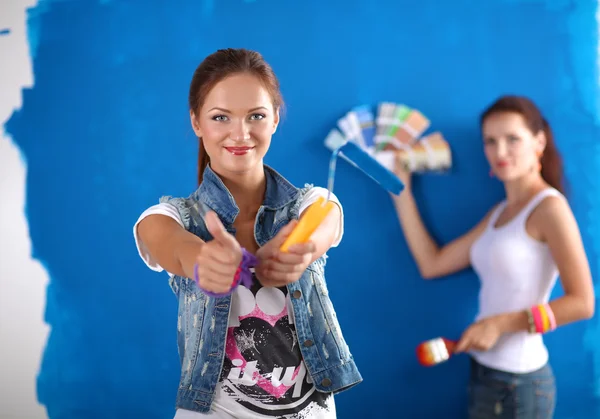 Dos mujeres hermosas jóvenes sosteniendo la paleta de colores, de pie cerca de la pared . —  Fotos de Stock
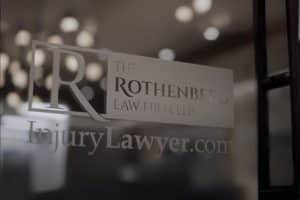 The Rothenberg Law Firm LLP logo on glass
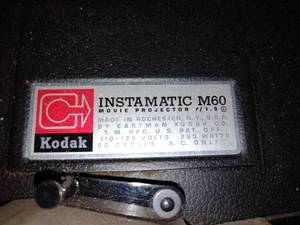 lot 380 image: Vintage Kodak Instamatic M60 Movie Projector.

☆ ☆ ☆ ☆

- Work order:
Your task is to output the material word for word while leaving out every image.

- Solution to this exercise:
 Dos mujeres hermosas jóvenes sosteniendo la paleta de colores, de pie cerca de la pared . —  Fotos de Stock
 The Rothenberg Law Firm LLP logo on glass
 lot 380 image: Vintage Kodak Instamatic M60 Movie Projector.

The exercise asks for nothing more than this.